Traditional visual applications handle feature discovery by providing menus and widgets on a device screen that provides options. An effective chatbot needs an approach for this as well. A good approach is to provide context with each response to the user, providing hints at what is possible. Building discovery into the responses encourages dialog, and actively engages the user.
How to Improve a Facebook Messenger Chatbot
Back in December, I began adding buttons to my Facebook Messenger bot in an effort to improve the usability. This was in response to a lack of growth in usage. My bot was growing in features, as it ingested more data and algorithms to manipulate it. Without users knowing of it’s newfound capabilities, it was stuck.
I tried different ways of advertising the features on the Facebook Page, but none were effective. For example, I saw trivial gains through posting video demonstrations of the bot demonstrating new features. Similar results were achieved when writing articles in the news feed. Adding buttons into the bot responses did provide the lift I was looking for.
Designing Buttons into User Interaction
Buttons augment responses by providing clear direction to the user on what’s possible.
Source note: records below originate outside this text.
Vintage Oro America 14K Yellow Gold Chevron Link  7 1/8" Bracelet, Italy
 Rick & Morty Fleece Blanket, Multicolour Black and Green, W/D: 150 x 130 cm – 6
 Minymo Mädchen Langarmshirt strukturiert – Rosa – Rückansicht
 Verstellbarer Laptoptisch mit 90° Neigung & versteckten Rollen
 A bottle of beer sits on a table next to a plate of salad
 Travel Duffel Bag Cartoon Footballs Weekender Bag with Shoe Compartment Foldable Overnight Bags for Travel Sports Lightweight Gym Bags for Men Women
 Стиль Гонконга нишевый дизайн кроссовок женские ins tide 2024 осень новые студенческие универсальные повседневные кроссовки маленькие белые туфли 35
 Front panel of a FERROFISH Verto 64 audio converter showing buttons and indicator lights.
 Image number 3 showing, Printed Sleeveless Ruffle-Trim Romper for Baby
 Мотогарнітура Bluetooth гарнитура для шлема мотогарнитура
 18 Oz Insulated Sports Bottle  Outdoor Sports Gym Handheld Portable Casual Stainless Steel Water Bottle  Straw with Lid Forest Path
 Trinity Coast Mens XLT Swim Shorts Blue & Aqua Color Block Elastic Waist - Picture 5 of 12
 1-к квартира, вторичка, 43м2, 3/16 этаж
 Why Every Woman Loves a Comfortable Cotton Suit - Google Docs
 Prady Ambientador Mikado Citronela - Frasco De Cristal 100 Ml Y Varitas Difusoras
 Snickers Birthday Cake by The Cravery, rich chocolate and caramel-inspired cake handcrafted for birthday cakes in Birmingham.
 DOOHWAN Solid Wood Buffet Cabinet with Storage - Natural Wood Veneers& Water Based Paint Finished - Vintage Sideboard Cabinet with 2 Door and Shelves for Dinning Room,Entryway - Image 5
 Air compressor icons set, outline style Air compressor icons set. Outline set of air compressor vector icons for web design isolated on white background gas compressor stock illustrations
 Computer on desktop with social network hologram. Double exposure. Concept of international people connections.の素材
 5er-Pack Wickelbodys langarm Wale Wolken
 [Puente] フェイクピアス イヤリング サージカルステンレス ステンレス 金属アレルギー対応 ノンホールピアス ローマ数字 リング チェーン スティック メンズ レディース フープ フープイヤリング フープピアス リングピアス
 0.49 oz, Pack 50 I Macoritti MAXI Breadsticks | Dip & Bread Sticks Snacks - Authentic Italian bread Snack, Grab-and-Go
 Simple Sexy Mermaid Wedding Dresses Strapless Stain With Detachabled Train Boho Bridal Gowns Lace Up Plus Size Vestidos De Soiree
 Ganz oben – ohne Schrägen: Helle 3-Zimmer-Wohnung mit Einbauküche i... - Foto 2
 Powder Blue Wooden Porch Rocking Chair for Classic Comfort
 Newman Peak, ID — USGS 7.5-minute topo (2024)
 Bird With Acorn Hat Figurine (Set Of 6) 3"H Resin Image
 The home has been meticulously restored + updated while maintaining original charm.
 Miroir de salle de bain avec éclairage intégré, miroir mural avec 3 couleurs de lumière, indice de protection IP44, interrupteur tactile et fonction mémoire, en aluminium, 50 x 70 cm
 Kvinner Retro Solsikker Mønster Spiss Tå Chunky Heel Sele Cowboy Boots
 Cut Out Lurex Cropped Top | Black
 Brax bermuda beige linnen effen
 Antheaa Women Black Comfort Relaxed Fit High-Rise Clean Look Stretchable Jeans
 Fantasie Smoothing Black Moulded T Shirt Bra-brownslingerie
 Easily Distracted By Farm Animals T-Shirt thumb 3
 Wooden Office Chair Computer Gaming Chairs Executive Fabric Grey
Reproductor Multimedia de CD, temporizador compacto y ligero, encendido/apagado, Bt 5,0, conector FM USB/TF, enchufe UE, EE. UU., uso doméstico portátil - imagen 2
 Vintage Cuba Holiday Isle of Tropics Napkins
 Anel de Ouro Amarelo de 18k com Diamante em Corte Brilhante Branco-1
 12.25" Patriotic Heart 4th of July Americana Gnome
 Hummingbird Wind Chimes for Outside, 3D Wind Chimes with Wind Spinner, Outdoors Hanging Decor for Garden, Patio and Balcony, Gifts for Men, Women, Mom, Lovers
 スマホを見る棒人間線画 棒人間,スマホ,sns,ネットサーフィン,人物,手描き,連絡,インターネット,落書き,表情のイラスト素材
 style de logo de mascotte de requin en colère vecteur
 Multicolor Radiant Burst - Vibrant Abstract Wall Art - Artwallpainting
Let’s start by the initial response the bot has when the user initiates a conversation with “Hello” or an introduction.
Scripting clear language in the response is important, including providing a sample phrase (i.e. “How many calories in a Chicken Sandwich”.) Adding buttons takes this a step further, and proves far more effective. All a user needs to do is click one, and another response is coming their way. It also saves the user time for typing the potential requests. Mobile devices are tricky to navigate spelling and users tend to abbreviate sentances. Buttons simplify the user experience.
Results of Adding Buttons
Now for seeing the progress. I use the analytics tools within Facebook to track detailed usage. It is essential for measuring feedback for changes made within the app. Here’s an example dashboard that is provided if you haven’t used before.
The first success metric is around depth of the dialog. I want users to be educated with my bot. This can be quantified by tracking how many times a given user replies back and forth with the bot before exiting. Here is the chart tracking the amazing growth after I added buttons. More than double the activity per user.
The next success metric is around retention. If a user believes they received useful information, they will be back. The easiest view on this is around weekly retention, and daily statistics shows similar success.
The first week retention numbers are almost double since I added buttons. Less successful has been the second week retention which is slightly down. Sample size for week 2+ isn’t significant with these cohorts, but will be a trend to monitor in the next month as this grows.
Limitations with Buttons
The biggest limitation is the amount of screen space that buttons take up. The chat dialog becomes overwhelmed with the space being consumed, and with Messenger, there is no font size to shrink this. History of the session gets lost from immediate viewing, but the user can scroll back.
Messenger renders up to three buttons at once, so there is the potential that users limit their thinking to only what they can click. Here is an actual dialog talking about pizza.
These buttons can constrain users thinking, and skew results towards what is presented. For example, the bot knows about Domino’s, but is not picked at the same frequency as those rendered as buttons. I attempt to phrase the label above the buttons to highlight this — “Click button below or type response.”
Buttons are an essential part of designing a chatbot. It introduces some visual constraints, but worth a doubling of retention and transaction depth.